What you have to do » A faithful copy is needed of the lines below from the one with "Hình ảnh Viên" up to and including the one with "ファイアーエムブレム NTT出版 TCG第2弾フルコンプ ファイアー"; set it down with no pictures and no other lines.

Extracted entries »
────────────────────────────────────────

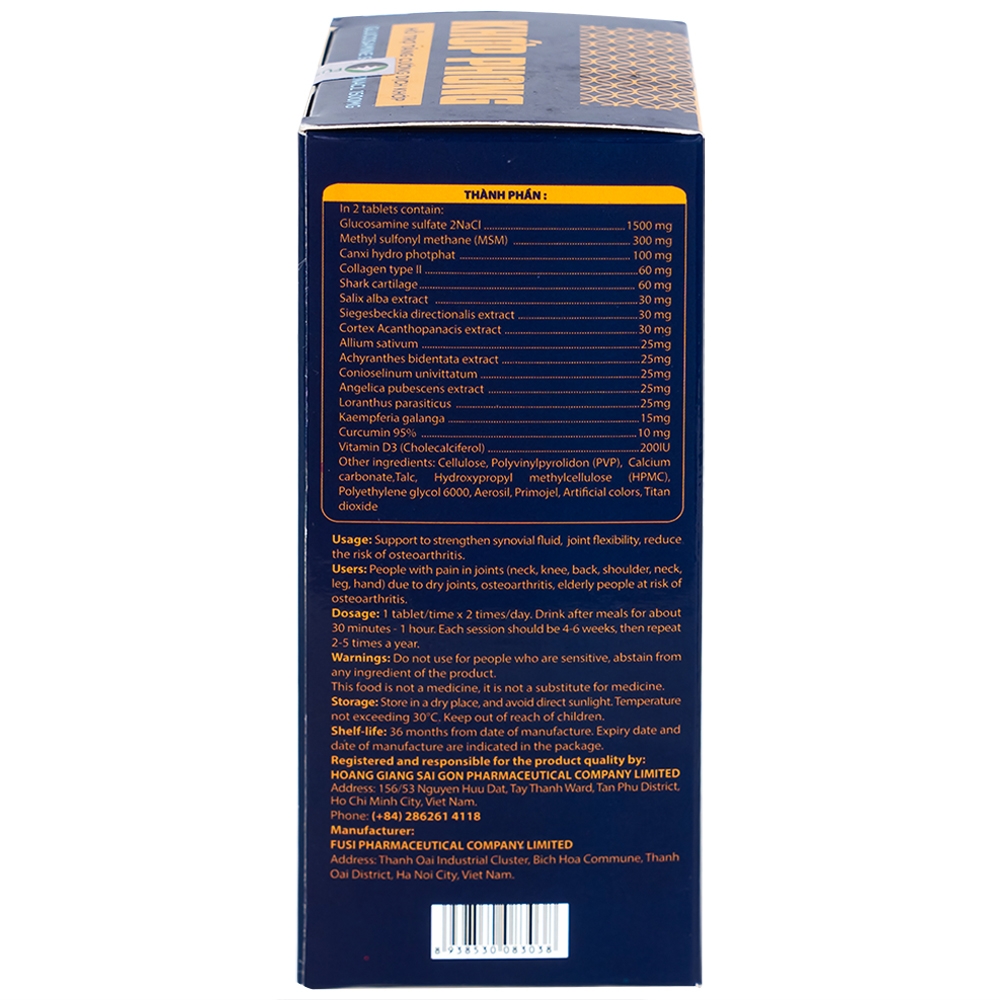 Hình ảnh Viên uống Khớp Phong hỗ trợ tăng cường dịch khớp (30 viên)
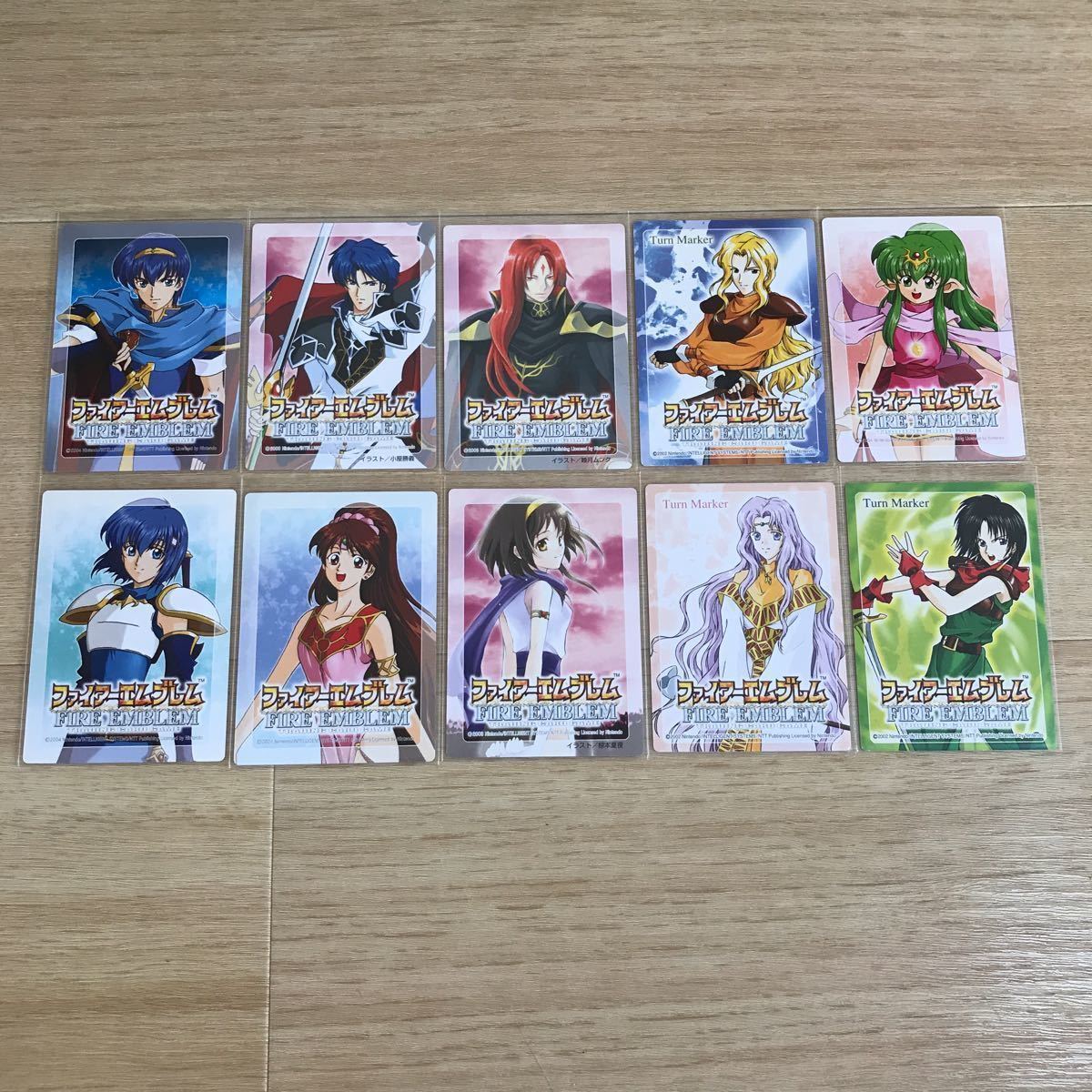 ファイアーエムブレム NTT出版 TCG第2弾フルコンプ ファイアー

────────────────────────────────────────

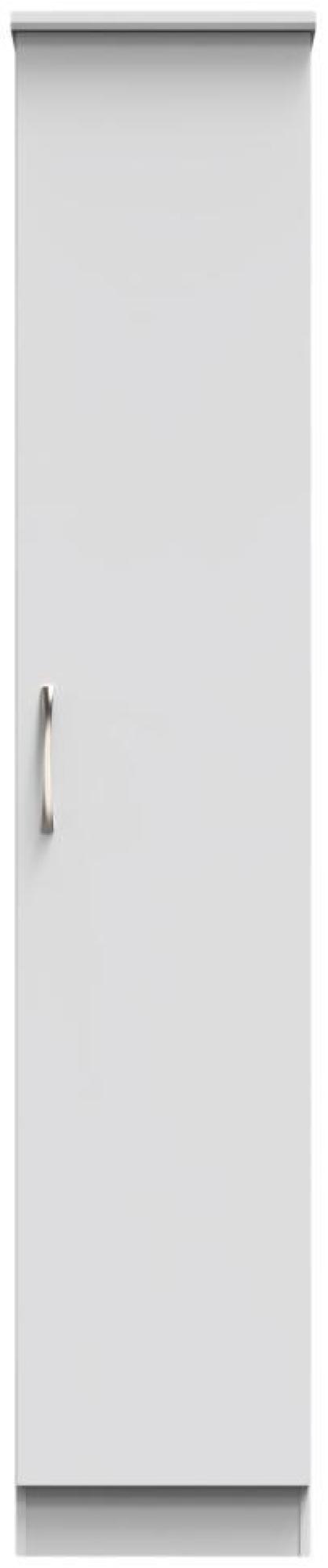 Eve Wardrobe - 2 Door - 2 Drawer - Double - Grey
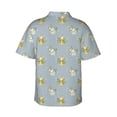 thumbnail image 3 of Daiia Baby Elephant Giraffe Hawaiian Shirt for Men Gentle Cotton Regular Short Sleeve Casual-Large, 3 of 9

────────────────────────────────────────

Answer »
 Hình ảnh Viên uống Khớp Phong hỗ trợ tăng cường dịch khớp (30 viên)
 ファイアーエムブレム NTT出版 TCG第2弾フルコンプ ファイアー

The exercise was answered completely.